Good tips.. have to agree preshredded cheese loses flavor… fresh ginger, garlic and lemon u can't go wrong.
love your trade secrets!!few questions while we are the on subject of you sharing your infinite wisdom with the blogging world:1) In your profile (and in numerous recipe posts) you profess an interest in staying away from processed foods. Besides condensed soup (gag) what else do you considered processed foods? velveeta? etc? Just curious.2) many of your recipes will say "slightly adapted or adapted" at the bottom. Are you adapting it to your family's specific tastes, for example, extra cheese because that's how you like it?

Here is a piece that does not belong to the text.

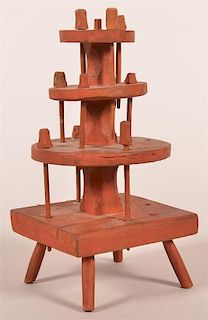 19th C. Primitive Wood Sewing Stand w/ Red Paint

That would account for adapting it. Or are you making things twice? For example, once the exact way the original recipe calls for, but then didn't like the end result? So then you make it again and tweaked the amount of baking soda and voila, loved it and then posted it? Or are you just that good/experienced in the kitchen, that all you have to do is look at a recipe and think, this would taste much better if I upped the oregano and garlic? So you make the recipe your way and post the original recipe with you adaptations? 3) on average- out of the number of new recipes you try a week, or month, how many are hits? 50%? 95%? Few things bug me more than wasting time and ingredients on something that didn't turn out well. alright, that's it for now, thanks for always sharing!!
melanie, i LOVE your blog! i created my shopping list using your guide and we are having one of your dishes every night. we have yet to find something we don't like. thank you!i agree with everything you posted except i have never tried fresh parmesan, i will just add that to my grocery list. 🙂
Dang. I meant "threw away" my ginger and not "through away". Darn.

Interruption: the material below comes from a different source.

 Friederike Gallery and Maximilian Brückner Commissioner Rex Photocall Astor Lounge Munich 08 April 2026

Nice!I too have become a fresh parmesan cheese lover and believer. It is so much better, and really, I think it lasts about triple the amount of time a bag of it does, plus it tastes just wonderful. So the expense you pay up front for the little block of it, I think, more than makes up for itself over time.Wish I would've known you could freeze fresh ginger. I recently through away my first bulbous purchase of it b/c it finally went moldy sitting in our fridge. Boo.Fresh lemons! I just don't know when to use lemons…you know, when it will "heighten" a dish and when it will make you wish you could cry because it is too much. Any hints there?Fresh garlic = A MUST! The taste is so much better than the bottled stuff (though I'd rather have the bottled stuff than nothing). But I do use garlic powder when I am just being too lazy to deal with the garlic cloves. Which isn't too often, b/c the garlic cloves just aren't hard. I'm just lazy.And that shouldn't shock anyone.
whole-heartedly AGREE!You are a smart women.
Amen to the list, especially the parm.
I say AMEN to everything you shared! Thanks for reminding me that I need to get back to using fresh ginger. I don't cook or bake with it nearly as often as I should.L-O-V-E your blog!